▶ WORK INSTRUCTIONS:
Your output should be the lines from the one with "Spielzeugschrank aus Holz" through the last line of the records below, exactly as written, minus the pictures.

▶ MATERIAL FOR THE TASK:
--------------------------------------------------

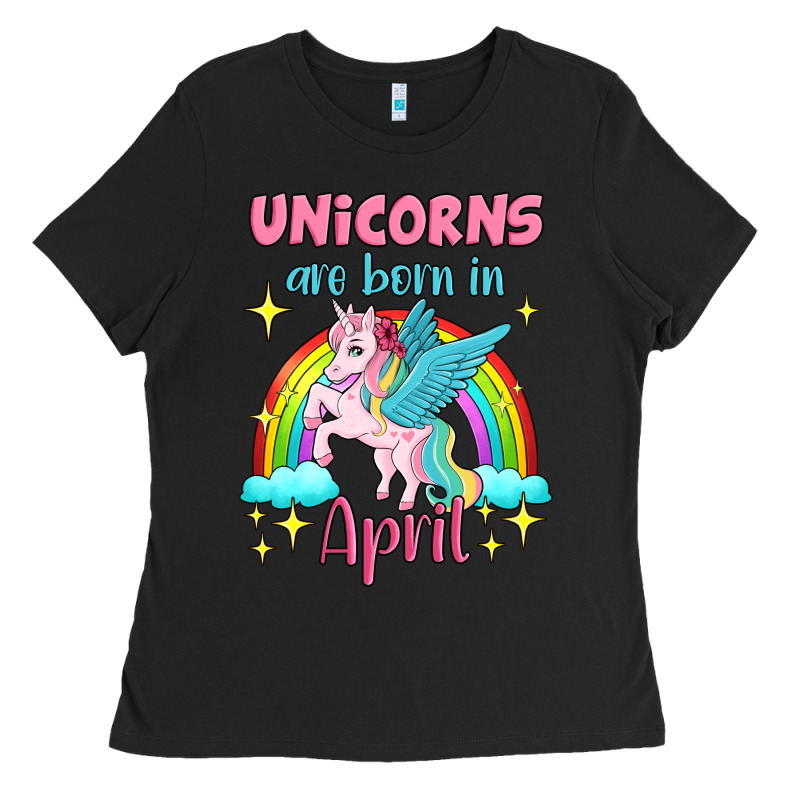 Unicorns Are Born In April Ladies Tee by Jasminsmagicworld | Teevron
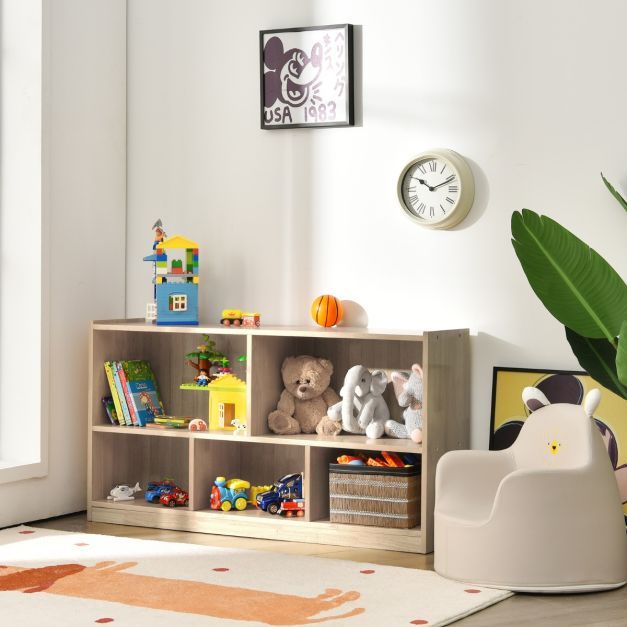 Spielzeugschrank aus Holz Kinderregal mit 5 Fächern 111 x 30 x 61,5 cm Natur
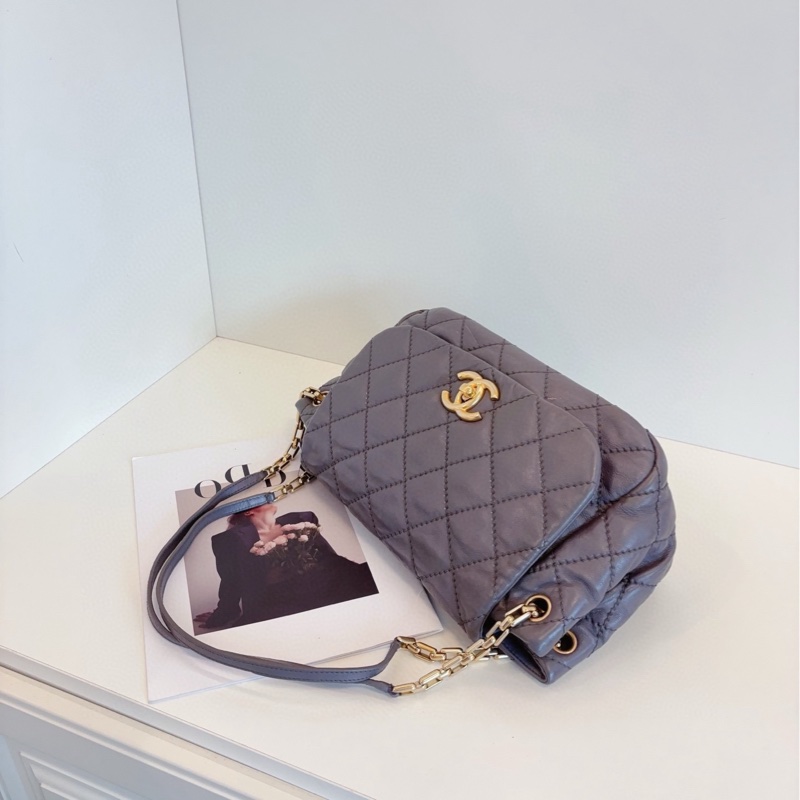 【97新🆕】Chanel 灰金外縫線 牛皮鏈條單肩包-5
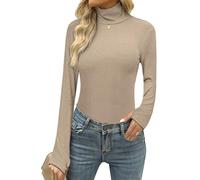 Terecey Ladies Thermal Top High Neck Long Sleeve Thumb Hole Apricot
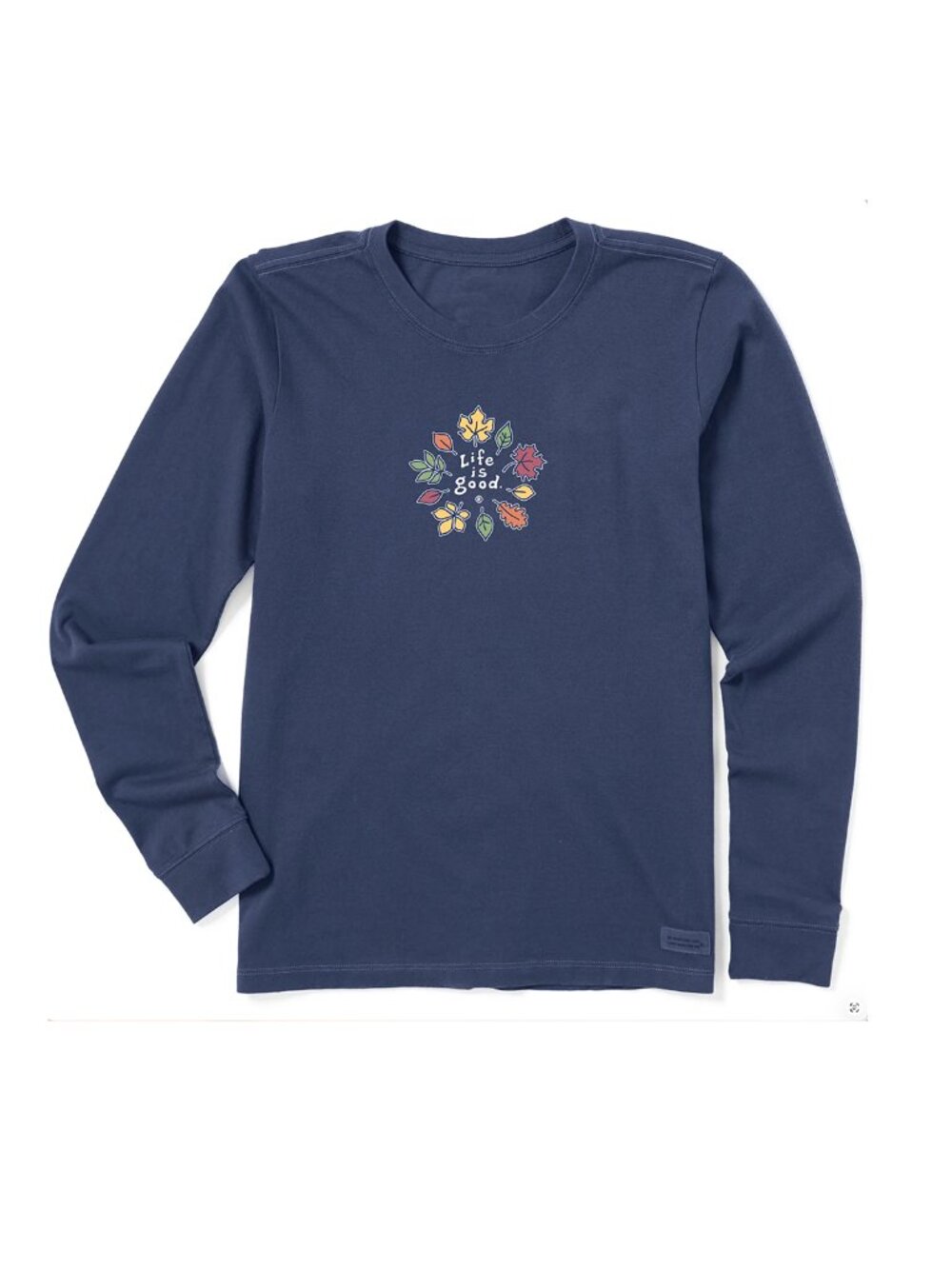 Life is Good Crusher Tee Women's Long Sleeve Fall Leaves Dark Blue Size M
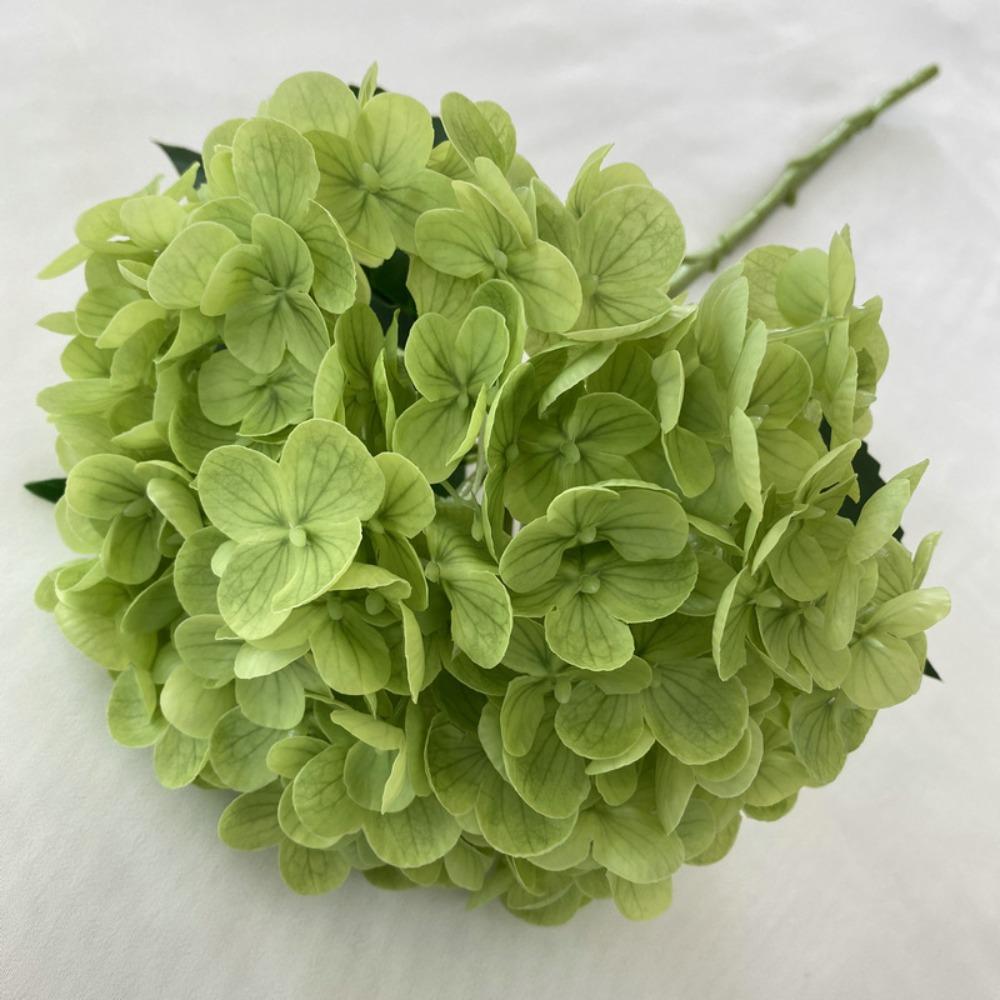 

Woolen Cloth Embroidered Ball Flower 3D Design Large Size Fake Flowers Hand Moisturizing 176pcs Leaves Hydrangea Flowers темно-зелений колір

--------------------------------------------------

▶ WRITTEN SOLUTION:
 Spielzeugschrank aus Holz Kinderregal mit 5 Fächern 111 x 30 x 61,5 cm Natur
 【97新🆕】Chanel 灰金外縫線 牛皮鏈條單肩包-5
 Terecey Ladies Thermal Top High Neck Long Sleeve Thumb Hole Apricot
 Life is Good Crusher Tee Women's Long Sleeve Fall Leaves Dark Blue Size M

Woolen Cloth Embroidered Ball Flower 3D Design Large Size Fake Flowers Hand Moisturizing 176pcs Leaves Hydrangea Flowers темно-зелений колір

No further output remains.